Partijpolitieke context, de rol van Vlaams Belang

Het Vlaams Belang speelt een belangrijke rol in de wisselwerking tussen het anti-islamveld en het radicale-islamveld. Al sinds lange tijd speelt de partij een dominante rol in de politieke arena. Zoals vermeld, heeft zij hiermee haar stempel weten te drukken op het discours, en is het anti-immigratie- en anti-islamdiscours genormaliseerd. Wat hierbij meespeelt, is haar prominente aanwezigheid in het Belgische landschap, onder meer in media. Filip Dewinter krijgt veel media-aandacht. Ook de gevestigde plaats van het Vlaams-nationalisme is van belang voor een verklaring van de grote steun voor het Vlaams Belang (en op dit moment de N-VA); het Vlaams-nationalisme heeft een kader geschapen voor de ontwikkeling van extremere vormen van nationalisme. Hierbij moet overigens

worden opgemerkt dat een belangrijk deel van de aandacht voor het Vlaams Belang is verschoven naar de N-VA, die een wat mildere toon over migratie en aanverwante onder-werpen aanslaat.

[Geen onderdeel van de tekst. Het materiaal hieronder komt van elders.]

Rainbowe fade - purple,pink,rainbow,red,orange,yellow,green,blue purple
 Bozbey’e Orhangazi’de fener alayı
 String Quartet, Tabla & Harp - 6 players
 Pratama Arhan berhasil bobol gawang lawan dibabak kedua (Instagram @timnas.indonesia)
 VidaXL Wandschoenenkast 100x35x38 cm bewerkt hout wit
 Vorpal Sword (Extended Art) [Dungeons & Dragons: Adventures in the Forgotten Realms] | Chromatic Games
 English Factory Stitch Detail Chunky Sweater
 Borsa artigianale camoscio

Coolsaet zegt te betwijfelen of het Vlaams Belang, en het discours dat zij in de laatste decennia bezigt, een belangrijke voedingsbodem is voor gefrustreerde radicaliserende jongeren. Hij stelt dat ook een groot deel van de jongeren uit het Franstalige gedeelte van Brussel is uitgereisd, waar zij minder sterk blootgesteld worden aan het discours van Vlaams Belang (Coolsaet, interview januari 2016).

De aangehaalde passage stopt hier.